Content starts

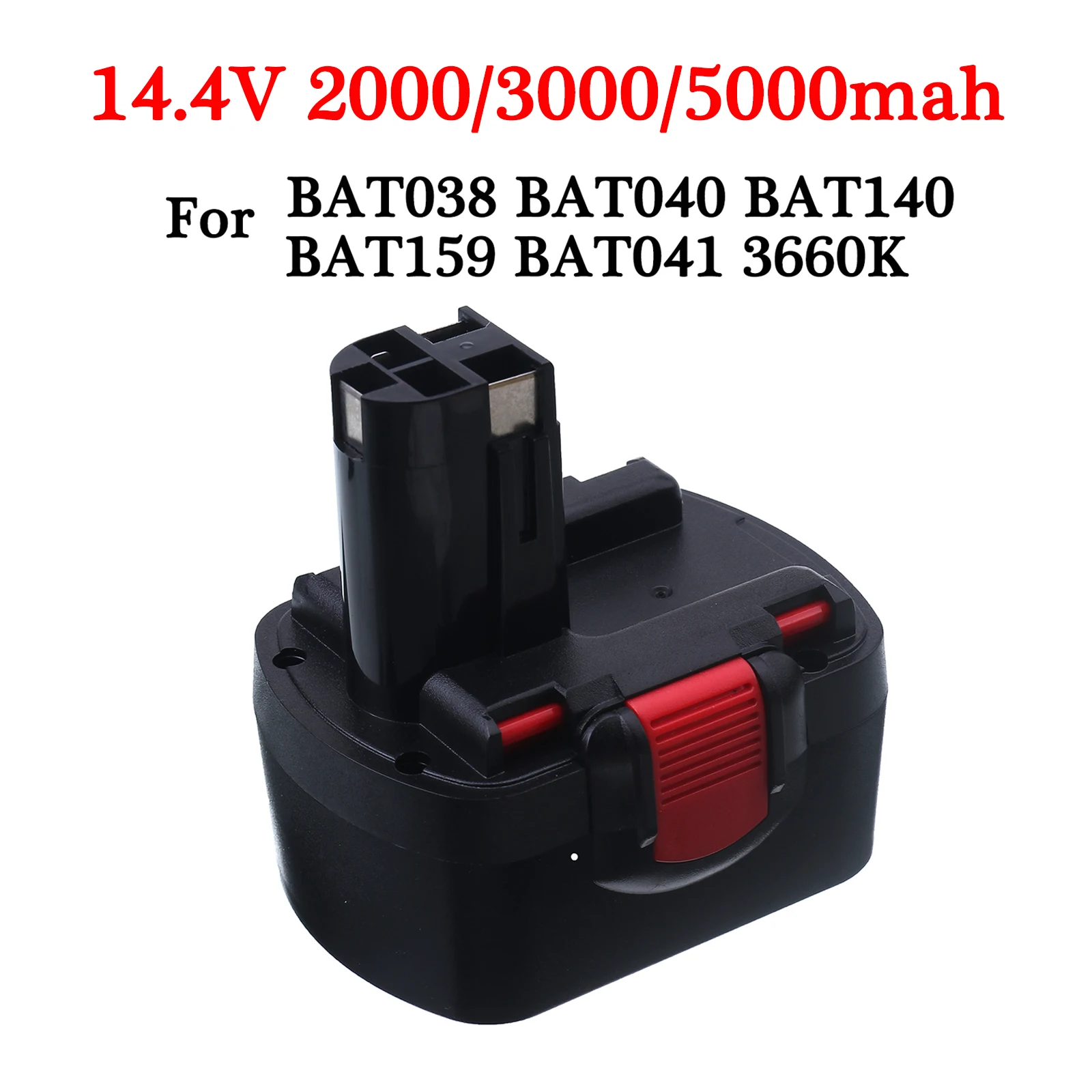 

14.4V 2.0/3.0Ah 5.0Ah Ni-CD Rechargeable Battery For bosch Drill Screwdriver BAT038 BAT040 BAT140 BAT159 BAT041 3660K 2607335533
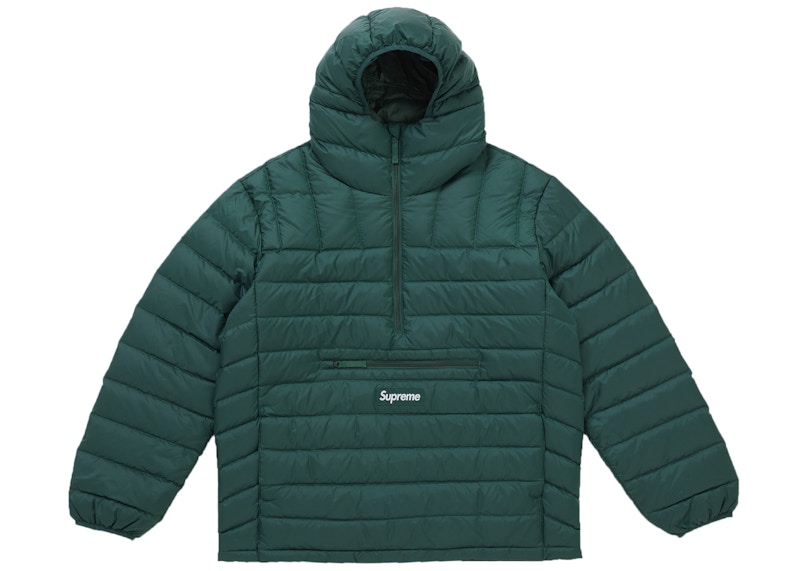 Supreme Micro Down Half Zip Hooded Pullover (FW25) Dark Green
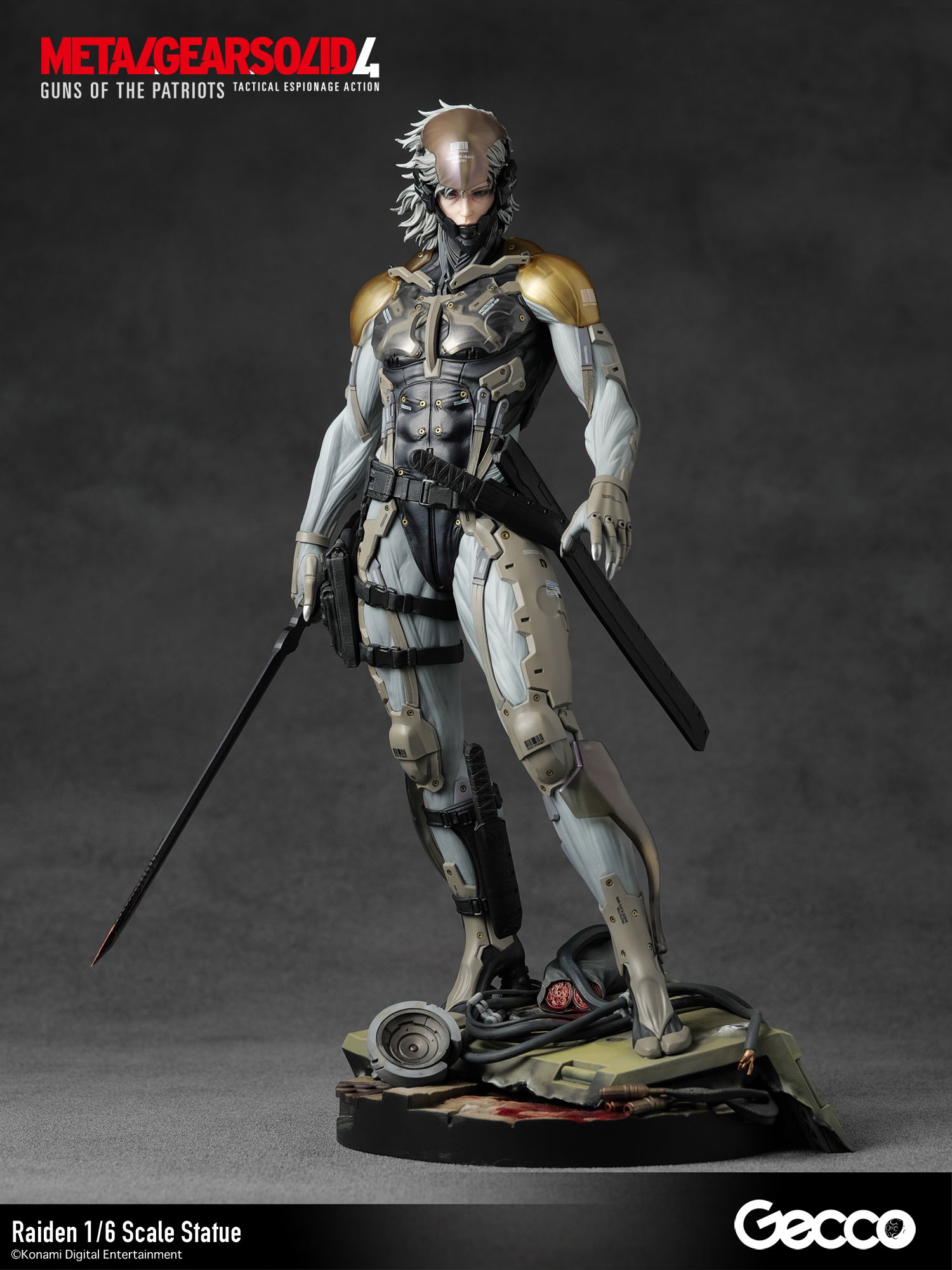 Metal Gear Solid 4 Guns of the Patriots 1/6 Scale Pre-Painted Statue: Raiden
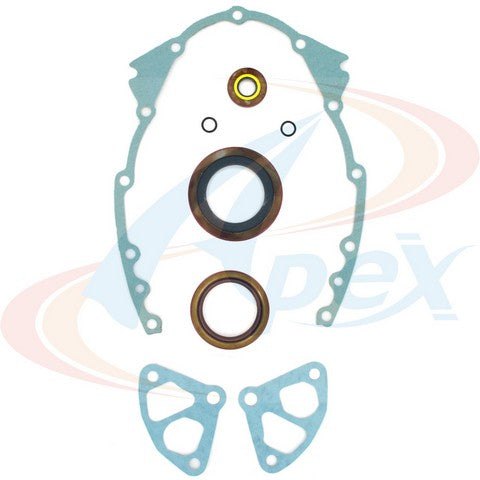 APEX Automobile Parts Inc Engine Timing Cover Gasket Set P/N:ATC3670 Fits: Buick Commercial Chassis, Buick Roadmaster, Cadillac Commercial Chassis, Cadillac Fleetwood, Chevrolet Camaro, Chevrolet Caprice, Chevrolet Commercial Chassis, Chevrolet Corvette - Image 1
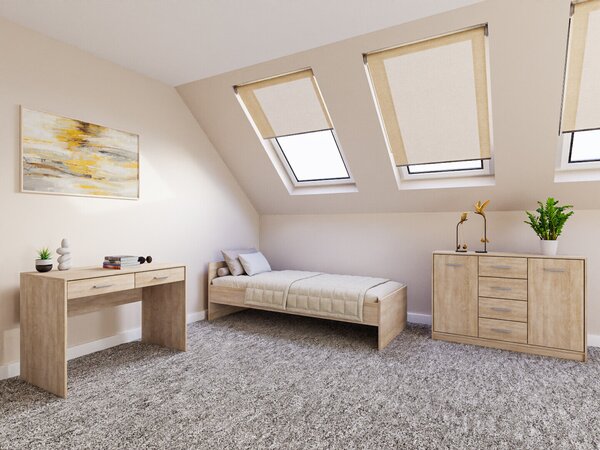 Set dormitor Novsore 149, Stejar Sonoma, PAL laminat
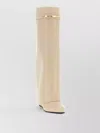 Givenchy Shark Pinch Boots Pointed Toe High Shaft In Neutral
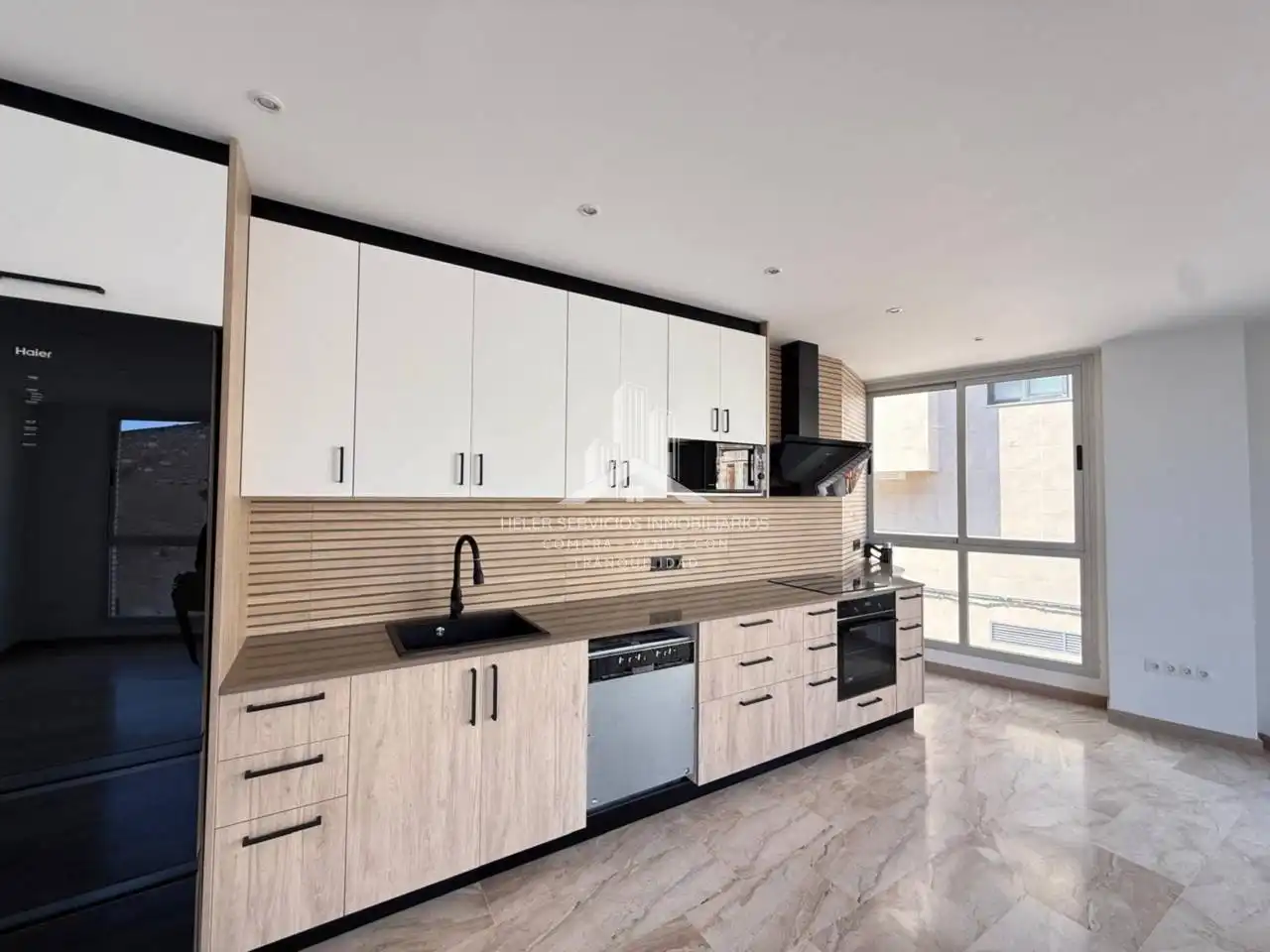 Cocina de Piso en venta en Castellón de la Plana / Castelló de la Plana con Aire acondicionado, Calefacción y Alarma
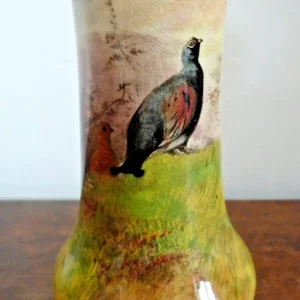 Vintage Royal Doulton Game Birds Black Grouse Vase c 1937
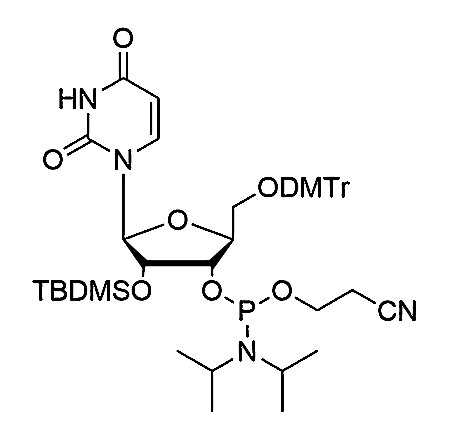 5'-O-DMTr-2'-O-TBDMS-L-U-3'-CE-Phosphoramidite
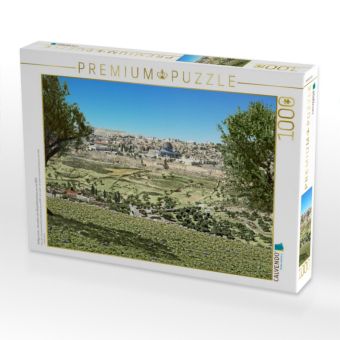 Produktbild: CALVENDO Puzzle Heiliges Land - Jerusalem vom Berg Gethsemane aus um 1900 | 1000 Teile Lege-Gr&ouml;&szlig;e 64x48cm Foto-Puzzle f&uuml;r gl&uuml;ckliche Stunden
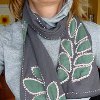 Reverse Applique Scarf
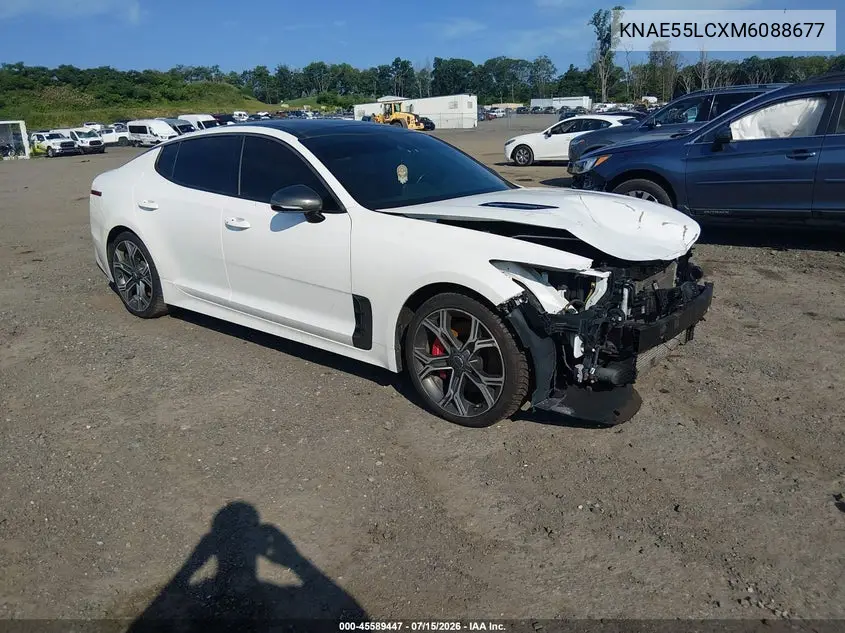 2021 Kia Stinger Gt2 VIN: KNAE55LCXM6088677 Lot: 45589447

Content ends

Requirement »
Please reproduce only the lines from the one holding "5'-O-DMTr-2'-O-TBDMS-L-U-3'-CE-Phosphoramidite" through the final line of the listing above, both included, with each picture left out.

Task result »
 5'-O-DMTr-2'-O-TBDMS-L-U-3'-CE-Phosphoramidite
 Produktbild: CALVENDO Puzzle Heiliges Land - Jerusalem vom Berg Gethsemane aus um 1900 | 1000 Teile Lege-Gr&ouml;&szlig;e 64x48cm Foto-Puzzle f&uuml;r gl&uuml;ckliche Stunden
 Reverse Applique Scarf
 2021 Kia Stinger Gt2 VIN: KNAE55LCXM6088677 Lot: 45589447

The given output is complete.